Fitdistr and resample as a strategy for overlarge data sets

I am running a mixed model with stan_glmer . Everything seems to be working quite well except that my original data set of 1.2 million data points appears to be far too many. Looking around I see some papers (e.g. http://www.stat.columbia.edu/~gelman/research/unpublished/comp7.pdf ) suggesting “sampling” of the data, as in randomly partitioning the data into subsets, then re-combining them to get a single posterior inference.

I am considering a simpler strategy. The data consists of 100 groups (nested in various ways) with around 12,000 data points each. Each group fits a gamma distribution well. Therefore I would rather just:

  1. Estimate the distribution of each of the 100 groups
  2. Make 1000 random draws from the distribution for each group with rgamma
  3. Run this “resampled” group through Stan, which seems to be computationally feasible

Relevant code is (for GROUP_SIZE=1000)

est_dist <- fitdistr(data$y, "gamma")
y_resamp <- rgamma(GROUP_SIZE, est_dist$estimate[1], est_dist$estimate[2])

I would be thrilled if anyone can comment on:

-whether this should be a feasible strategy?
-whether such practices are found in the literature?
-whether I should do any additional posterior checks to make sure this sample process doesn’t corrupt the data?
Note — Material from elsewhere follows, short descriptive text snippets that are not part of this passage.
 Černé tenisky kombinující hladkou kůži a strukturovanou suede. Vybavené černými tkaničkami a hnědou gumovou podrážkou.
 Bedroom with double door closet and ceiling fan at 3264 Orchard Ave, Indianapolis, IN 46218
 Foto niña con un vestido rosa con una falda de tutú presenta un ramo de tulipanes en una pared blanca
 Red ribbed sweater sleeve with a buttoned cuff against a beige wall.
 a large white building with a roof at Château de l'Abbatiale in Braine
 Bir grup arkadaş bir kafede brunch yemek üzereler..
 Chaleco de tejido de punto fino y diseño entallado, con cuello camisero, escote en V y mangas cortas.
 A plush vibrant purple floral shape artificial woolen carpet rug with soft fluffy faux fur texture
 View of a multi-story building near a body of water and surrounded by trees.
I want to add “If you have huge amount data, what benefits gives us the Bayesian approach?”

Distributions rather than pointwise estimates? Flexible use of alternative distributions? Credible intervals? Using posterior draws in subsequent processing?
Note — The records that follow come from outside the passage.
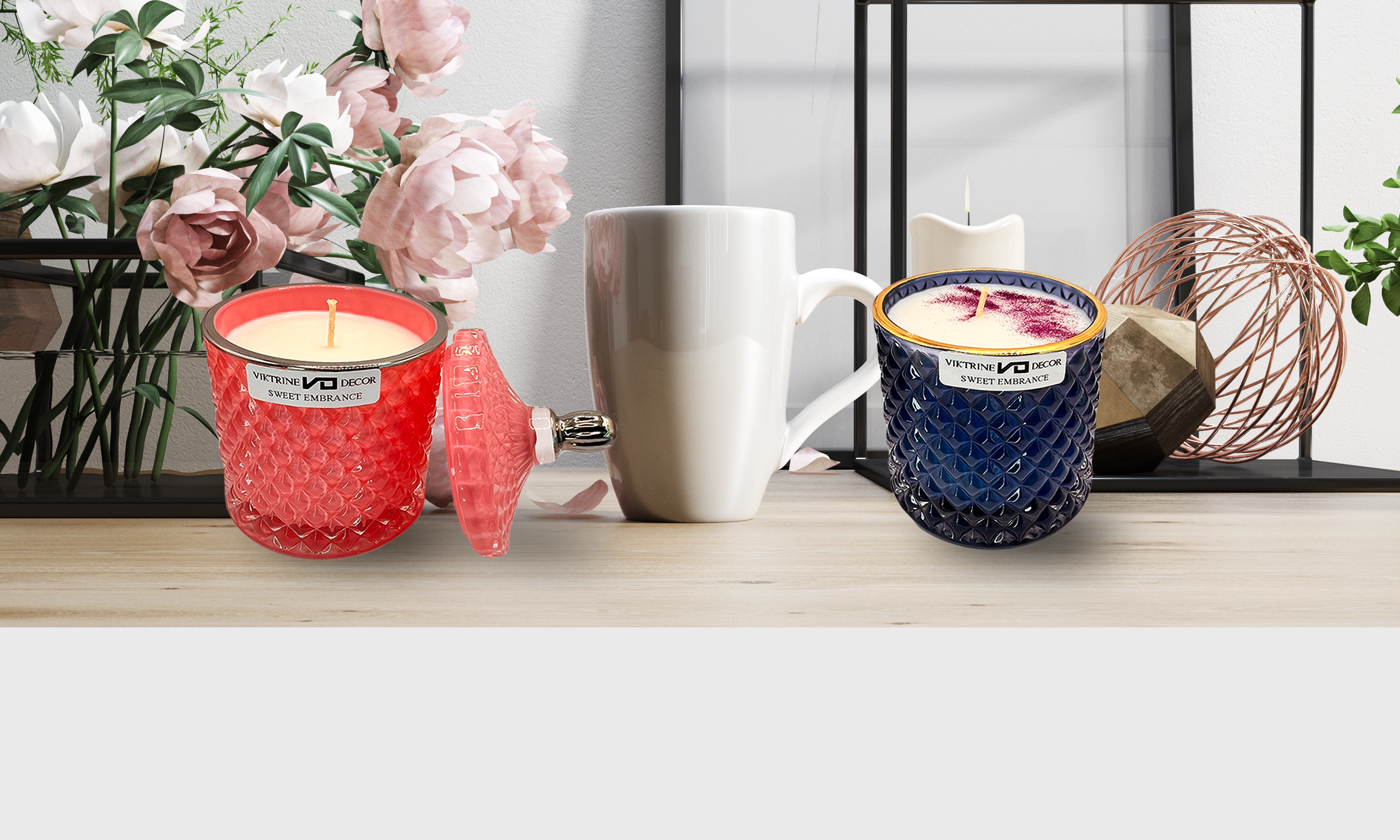 Two candle jars on a table, accompanied by a tea cup and floral decor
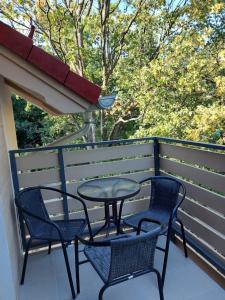 a patio with two chairs and a table on a balcony at Apartament Snow White in Karpacz +1 photo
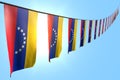 Nice holiday flag 3d illustration - many Venezuela flags or banners hanging diagonal on string on blue sky background with soft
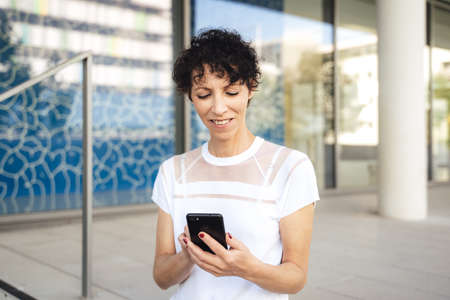 Mature businesswoman with short black hair using mobile phone outside office building in cityの写真素材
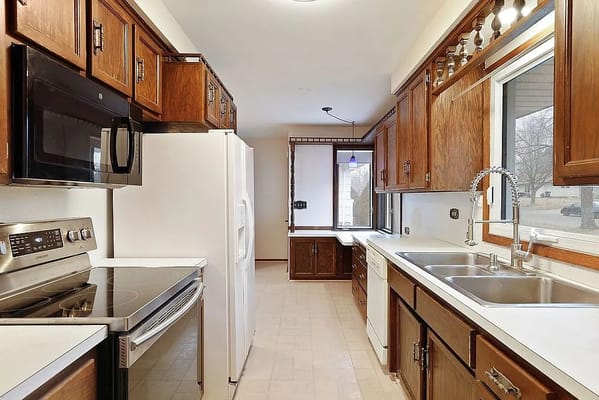 Spacious kitchen featuring wooden cabinets and modern appliances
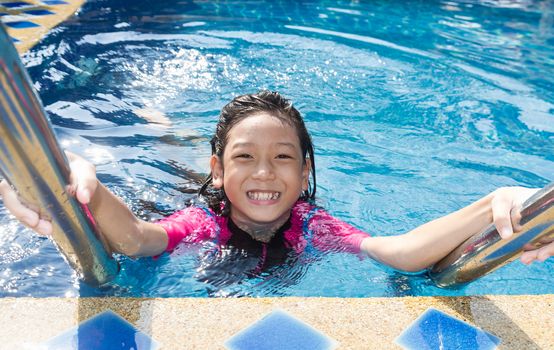 Girl relaxing on the side of a swimming pool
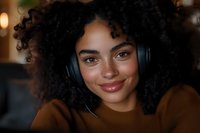 Young woman with dark curly hair and medium skin tone wearing black headphones and brown sweater, smiling at camera in warm indoor setting for music, audio, and lifestyle content.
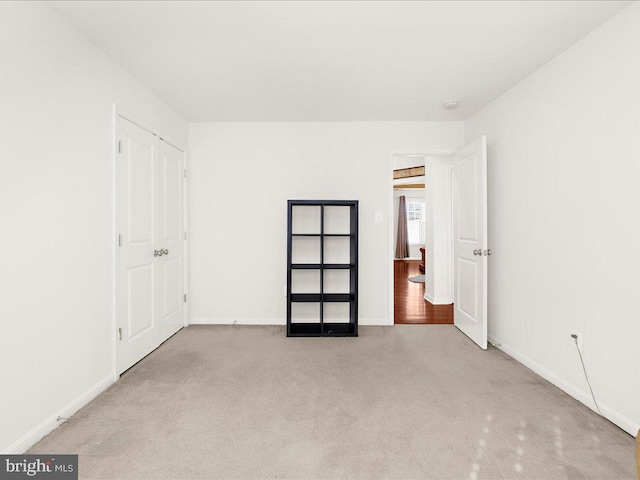 unfurnished bedroom with baseboards and carpet floors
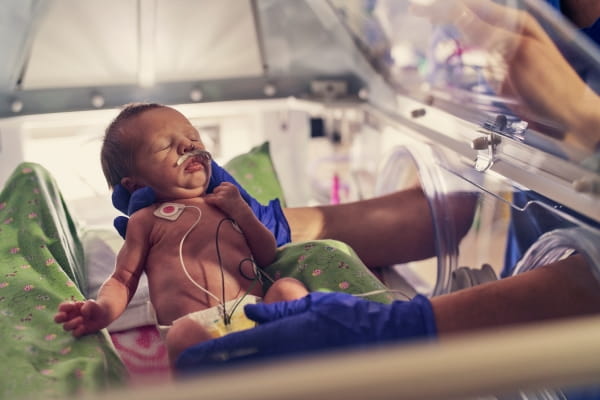 newborn baby in neonatal care unit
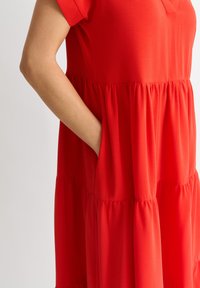 Red tiered dress made of lightweight fabric, featuring short sleeves, a v-neck, and side pockets with a soft, smooth texture.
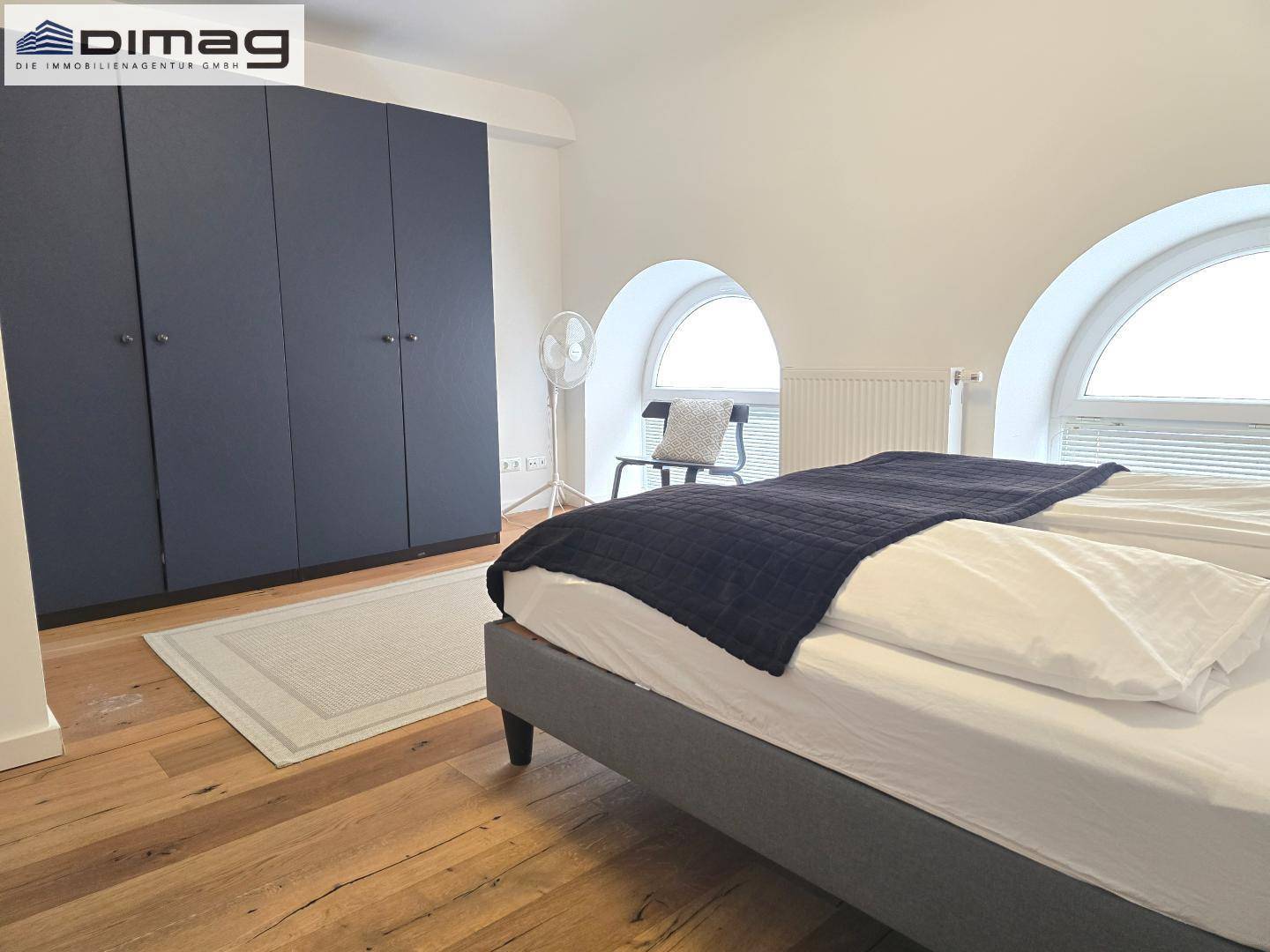 Geräumiges Schlafzimmer mit Holzboden, großem Kleiderschrank und Rundbogenfenstern.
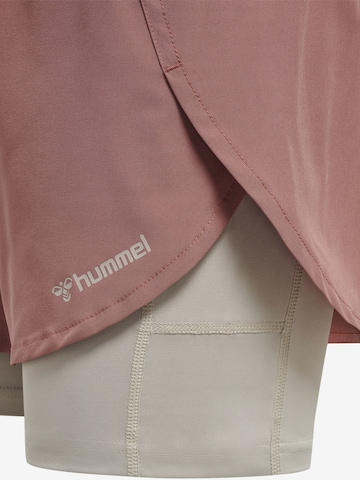 Coupe slim Pantalon de sport Hummel en rose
Sure all true, but do we need a “prior distribution”? Doesn’t speak the data itself?

Two things:

  1. There is always a prior distribution when using statistical inference, it is just implicit in some methods. Good to be very aware of the assumptions of every method, whether explicitly specified or not.

  2. My model is multilevel and on some of the higher levels there are only a few groups, so at that point assumptions can be quite important

Check this paper https://arxiv.org/abs/1412.4869 for one possible approach and references for other potentially useful methods.

Aki

Stan only requires the posterior to be proper. The situation @ericbarnhill is talking about is where we almost always want to put down a hierarchical model (low counts among exchangeable groups).

For a fixed model, as your data size goes to infinity, the posterior converges to a delta function (there are some assumptions in there about parameters not also growing and compatibility with the prior to ensure concentration of measure).